* [Supplied information]
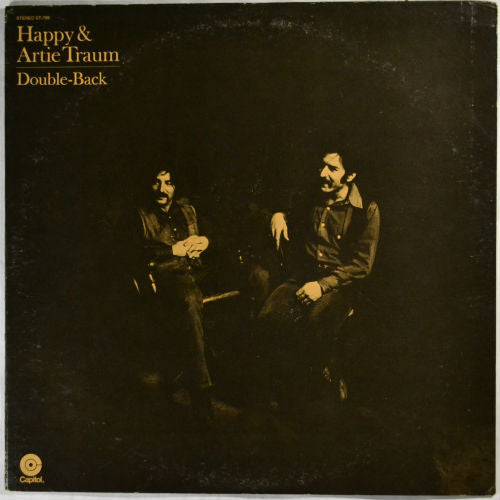 Happy & Artie Traum
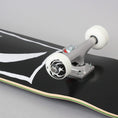Load image into Gallery viewer, Foundation 8 Star And Moon Square Complete Skateboard Black

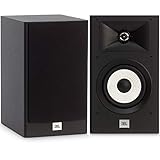 Bassi potenti JBL Stage A130 - Altoparlanti per coppia, colore: Nero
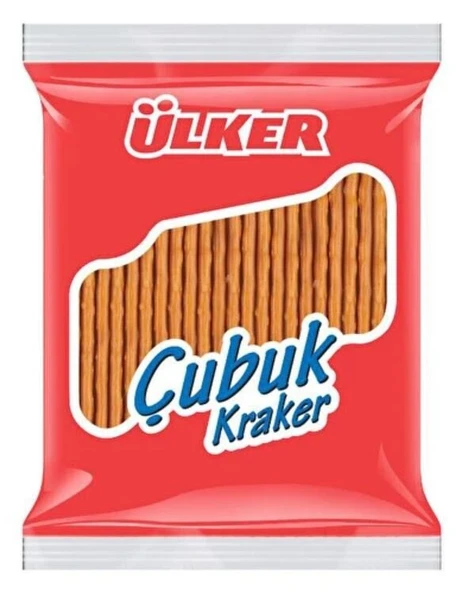 Ülker Çubuk Kraker 64 g 20'li (6'li Paket) ürün görseli 1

* [About this task] Please return, exactly and with pictures omitted, the lines from the line holding "Bassi potenti JBL" through the end of the data above, inclusive.

* [Your response]
 Bassi potenti JBL Stage A130 - Altoparlanti per coppia, colore: Nero
 Ülker Çubuk Kraker 64 g 20'li (6'li Paket) ürün görseli 1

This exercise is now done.